2. Sur la responsabilité de la banque dans le versement des fonds
Vu l'article L. 312-55 du code de la consommation ;
La résolution ou l'annulation d'un contrat de crédit affecté, en conséquence de celle du contrat constatant la vente ou la prestation de services qu'il finance, emporte pour l'emprunteur l'obligation de restituer au prêteur le capital prêté. Cependant, le prêteur qui a versé les fonds sans s'être assuré, comme il y était tenu, de la régularité formelle du contrat principal ou de sa complète exécution, peut être privé en tout ou partie de sa créance de restitution, dès lors que l'emprunteur justifie avoir subi un préjudice en lien avec cette faute (1re Civ., 25 novembre 2020, n° 19-14908).
En l'occurence, suivant procès-verbal de fin de chantier, Mme [B] a attesté 'réceptionner le 15 juin 2017 la fin de chantier suite à l'intervention de la société Hi-Tech Habitats services conformément à ma commande du 11 mai 2017.'
L'acquéreur qui a déterminé l'établissement de crédit à verser les fonds à la venderesse n'est pas recevable à soutenir ensuite, au détriment du prêteur, que la prestation de service n'a pas été exécutée.

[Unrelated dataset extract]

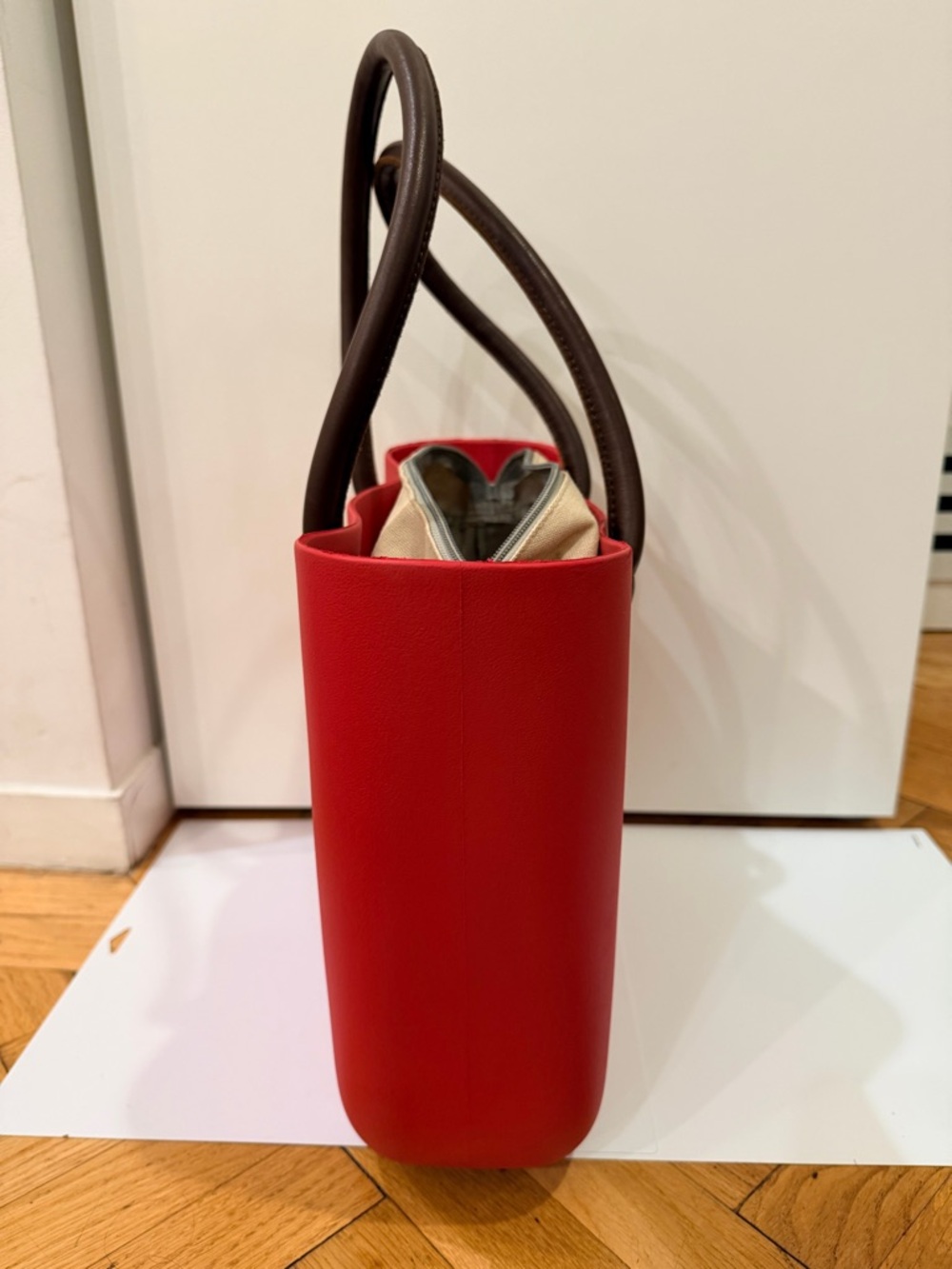 O Bag Italy Tote –Red, Removable Handles & Insert, Extra Tan Handles Included - Picture 3 of 10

En outre, Mme [B] n'allègue ni ne prouve de dysfonctionnement de son installation.
Il n'est pas établi de préjudice en lien avec le déblocage des fonds par la banque.
Mme [B] sera, par conséquent, déboutée de ses demandes de remboursement du capital emprunté et de dommages-intérêts. La banque devra lui restituer la somme de 27,72 euros correspondant au montant remboursé de manière anticipée excédant le capital emprunté.

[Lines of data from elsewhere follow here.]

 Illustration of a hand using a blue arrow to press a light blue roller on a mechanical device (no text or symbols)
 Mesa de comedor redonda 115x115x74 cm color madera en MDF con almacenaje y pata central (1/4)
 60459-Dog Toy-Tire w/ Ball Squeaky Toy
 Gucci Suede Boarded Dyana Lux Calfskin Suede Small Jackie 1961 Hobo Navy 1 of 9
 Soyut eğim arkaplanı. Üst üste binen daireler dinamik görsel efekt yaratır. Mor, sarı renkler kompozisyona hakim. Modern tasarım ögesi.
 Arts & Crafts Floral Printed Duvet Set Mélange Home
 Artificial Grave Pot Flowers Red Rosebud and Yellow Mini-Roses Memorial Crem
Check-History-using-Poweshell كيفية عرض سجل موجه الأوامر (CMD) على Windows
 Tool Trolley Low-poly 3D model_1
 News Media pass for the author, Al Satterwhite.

3. Sur les frais du procès
Les dispositions relatives aux dépens et frais irrépétibles seront infirmées.
Partie perdante, la banque sera condamnée aux dépens de première instance et d'appel et à payer à Mme [B] la somme de 3 000 euros en application de l'article 700 du code de procédure civile.
PAR CES MOTIFS
La cour, statuant publiquement, par arrêt réputé contradictoire,
Infirme le jugement en toutes ses dispositions,
Statuant à nouveau des chefs infirmés :
Prononce l'annulation du contrat de vente et du contrat de crédit affecté,
Enjoint à la SCP BTSG es qualités de procéder à ses frais à la dépose du matériel installé et à la remise de l'ouvrage dans son état initial, dans un délai de deux mois à compter de la signification du présent arrêt,
Déboute [D] [B] de ses demandes de remboursement du capital emprunté et de dommages-intérêts,
Condamne la société CA Consumer finance à payer à [D] [B] la somme de 27,72 euros,
Y ajoutant :
Condamne la société CA Consumer finance aux dépens de première instance et d'appel,
Vu l'article 700 du code de procédure civile, condamne la société CA Consumer finance à payer à [D] [B] la somme de 3 000 euros.